Di tengah geliat ekonomi pedesaan Leuwisadeng, Bogor, satu jenis unggas mulai mencuri perhatian para peternak lokal: Ayam Kampung Unggul Balitbangtan (KUB). Bukan sekadar ayam kampung biasa, bibit ayam KUB kini menjadi perbincangan hangat berkat beragam keunggulannya yang menjanjikan peningkatan produktivitas dan keuntungan. Ini bukan lagi sekadar potensi, melainkan tren nyata yang mulai diadaptasi oleh warga Leuwisadeng.
Salah satu daya tarik utama Ayam KUB, baik varian KUB 1 maupun KUB 2 (Janaka), adalah pertumbuhannya yang lebih cepat.
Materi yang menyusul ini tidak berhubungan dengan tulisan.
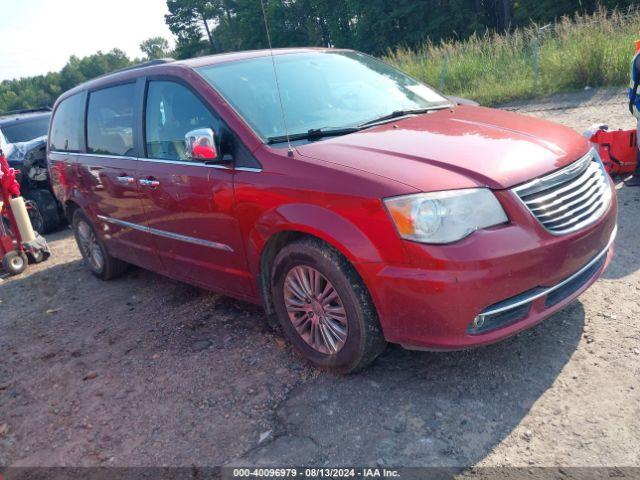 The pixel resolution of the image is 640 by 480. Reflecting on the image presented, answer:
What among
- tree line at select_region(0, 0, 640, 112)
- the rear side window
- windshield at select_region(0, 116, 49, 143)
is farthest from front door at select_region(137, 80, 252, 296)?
tree line at select_region(0, 0, 640, 112)

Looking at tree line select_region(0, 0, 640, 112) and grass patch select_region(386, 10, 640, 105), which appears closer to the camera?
grass patch select_region(386, 10, 640, 105)

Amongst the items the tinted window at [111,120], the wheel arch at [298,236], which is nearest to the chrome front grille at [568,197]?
the wheel arch at [298,236]

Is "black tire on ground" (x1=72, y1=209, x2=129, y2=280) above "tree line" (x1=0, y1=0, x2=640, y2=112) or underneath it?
underneath

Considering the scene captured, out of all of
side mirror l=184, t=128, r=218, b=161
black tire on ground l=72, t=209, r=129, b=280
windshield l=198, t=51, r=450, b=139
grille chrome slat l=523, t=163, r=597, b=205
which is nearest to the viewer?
grille chrome slat l=523, t=163, r=597, b=205

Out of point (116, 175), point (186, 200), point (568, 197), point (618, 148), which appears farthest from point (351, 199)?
point (618, 148)

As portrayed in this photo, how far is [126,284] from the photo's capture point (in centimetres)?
583

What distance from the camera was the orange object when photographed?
6.09 m

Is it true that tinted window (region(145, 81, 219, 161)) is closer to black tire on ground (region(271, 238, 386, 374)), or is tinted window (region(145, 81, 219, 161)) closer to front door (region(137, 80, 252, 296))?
front door (region(137, 80, 252, 296))

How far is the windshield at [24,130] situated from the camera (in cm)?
997

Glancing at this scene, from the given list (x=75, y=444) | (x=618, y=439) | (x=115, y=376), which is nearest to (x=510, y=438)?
(x=618, y=439)

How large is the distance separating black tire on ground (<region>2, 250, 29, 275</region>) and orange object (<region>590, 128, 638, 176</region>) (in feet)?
22.1

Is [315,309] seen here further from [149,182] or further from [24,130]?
[24,130]

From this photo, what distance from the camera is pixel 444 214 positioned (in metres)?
2.76

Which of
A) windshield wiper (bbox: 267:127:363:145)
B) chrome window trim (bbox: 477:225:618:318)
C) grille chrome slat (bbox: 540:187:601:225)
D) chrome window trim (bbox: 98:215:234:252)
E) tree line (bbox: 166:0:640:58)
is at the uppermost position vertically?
tree line (bbox: 166:0:640:58) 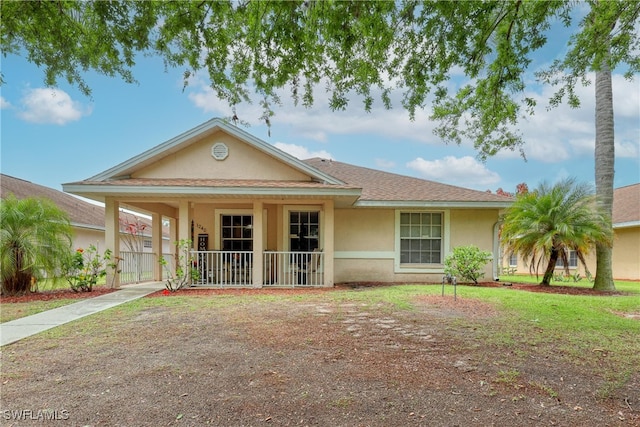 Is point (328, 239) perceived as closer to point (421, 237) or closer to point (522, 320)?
point (421, 237)

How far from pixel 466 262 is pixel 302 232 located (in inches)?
205

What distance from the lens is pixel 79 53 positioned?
17.1 ft

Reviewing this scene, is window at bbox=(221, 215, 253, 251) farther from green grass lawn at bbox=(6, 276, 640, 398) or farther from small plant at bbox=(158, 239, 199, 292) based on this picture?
green grass lawn at bbox=(6, 276, 640, 398)

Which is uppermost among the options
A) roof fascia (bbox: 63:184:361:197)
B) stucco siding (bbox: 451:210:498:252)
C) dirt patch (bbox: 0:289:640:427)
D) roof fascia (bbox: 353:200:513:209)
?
roof fascia (bbox: 63:184:361:197)

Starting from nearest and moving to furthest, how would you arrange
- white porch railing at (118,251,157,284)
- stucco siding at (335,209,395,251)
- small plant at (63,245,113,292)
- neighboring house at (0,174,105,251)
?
small plant at (63,245,113,292) → white porch railing at (118,251,157,284) → stucco siding at (335,209,395,251) → neighboring house at (0,174,105,251)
Peternak di Leuwisadeng dapat memanen ayam pedaging KUB 1 dengan bobot 0,8-1 kg hanya dalam 10 minggu, jauh lebih singkat dibandingkan ayam kampung biasa yang memerlukan 12 minggu. KUB 2 bahkan menjanjikan hasil serupa dengan performa yang sedikit lebih unggul, artinya perputaran modal usaha bisa lebih cepat dan efisien bagi pelaku UMKM di sektor peternakan.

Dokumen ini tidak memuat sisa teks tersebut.